Testing the solution - Disaster Recovery for AWS IoT

Testing the solution

Use the following steps to test the solution after the CloudFormation stacks have been launched.

Device replication

  • Create a device in the primary Region.

  • Verify that the device has been created with certificate and policy attached in the secondary Region. You can use the AWS CLI, AWS management console or the tool.

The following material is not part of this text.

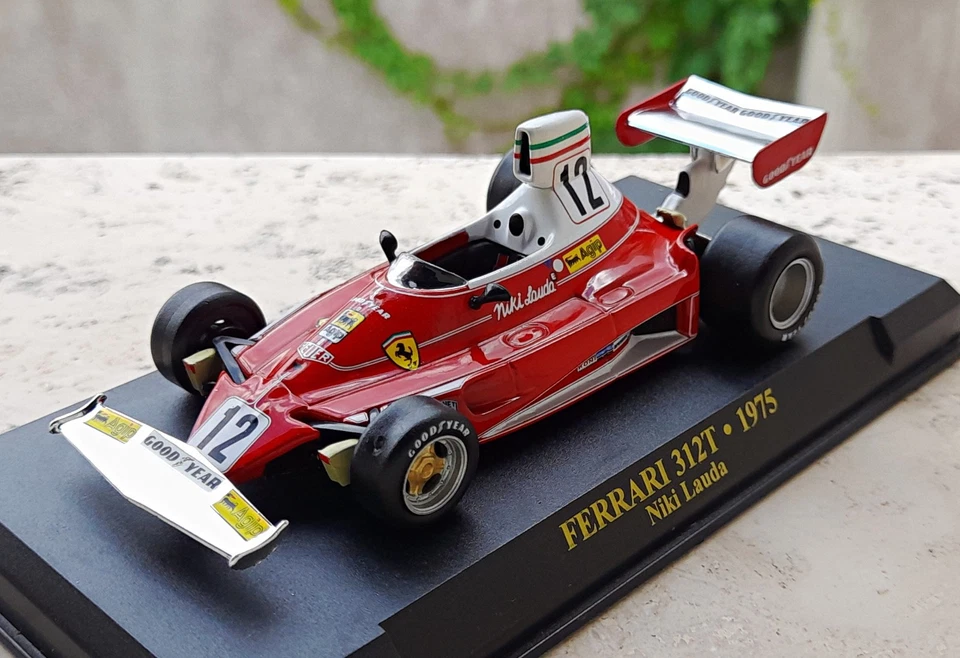 🔹🔹🔹FERRARI 312 T 1975  NIKI LAUDA 1:43 COLLEZIONE FERRARI F1 MODELLINO🔹🔹🔹 - Immagine 1 di 3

  • Send and receive messages in both Regions to verify that the device works correctly in either Region. You can use a publish/subscribe of your choice by using the iot-dr-pubsub.py tool.

Device shadow replication

Test device shadow replication with the iot-dr-shadow-cmp.py tool provided or use your own method.

Sample walkthrough

This sample walkthrough used the tools provided by the solution. Multiple variables are used from the file toolsrc in the tools folder.

Copy the tools from your S3 bucket in the primary Region to your environment. You can find the S3 URL for tools in the Outputs section of the main stack under ToolsS3Url.

# Get the tools mkdir tools cd tools aws s3 sync ToolsS3Url # make scripts executable chmod +x *.sh chmod +x *.py # get the Amazon Root CA curl https://www.amazontrust.com/repository/AmazonRootCA1.pem -o root.ca.pem # Source the environment variables . toolsrc # assign the thing name to be used to a shell variable THING_NAME=dr-walkthrough # create the device in the primary region AWS_DEFAULT_REGION=$PRIMARY_REGION ./create-device.sh $THING_NAME # list the device in primary and secondary region AWS_DEFAULT_REGION=$PRIMARY_REGION ./list-thing.py $THING_NAME AWS_DEFAULT_REGION=$SECONDARY_REGION ./list-thing.py $THING_NAME # pub/sub in primary region ./iot-dr-pubsub.py --endpoint $IOT_ENDPOINT_PRIMARY --cert $THING_NAME.certificate.pem --key $THING_NAME.private.key --root-ca root.ca.pem --client-id $THING_NAME --topic dr/$THING_NAME --count 2 --interval 1 # pub/sub in secondary region ./iot-dr-pubsub.py --endpoint $IOT_ENDPOINT_SECONDARY --cert $THING_NAME.certificate.pem --key $THING_NAME.private.key --root-ca root.ca.pem --client-id $THING_NAME --topic dr/$THING_NAME --count 2 --interval 1

You can also use the MQTT test client in the AWS IoT Core console in the primary and secondary Regions to verify message arrival. Subscribe to dr/$THING_NAME in each Region. Replace $THING_NAME with the name of your device.

Shadow replication tool

You can use the iot-dr-shadow-com.py tool to test if device shadows are replicated from the primary to the secondary Region. Replicating a shadow from one Region to the other can take up to approximate 10 seconds. The tool tries to look up the shadow in the secondary Region immediately after it has been created in the primary Region. This attempt fails if the shadow has not been replicated yet. The tool has retry logic implemented and will try to get the shadow again between two to 10 seconds depending on the amount of retry attempts. You might see messages that include retry information, such as the following example:

compare_shadow: n: 2 thing_name: 69a14446-dc16-4f29-9db7-1e46875b5c02: no shadow payload, retrying in 4 secs.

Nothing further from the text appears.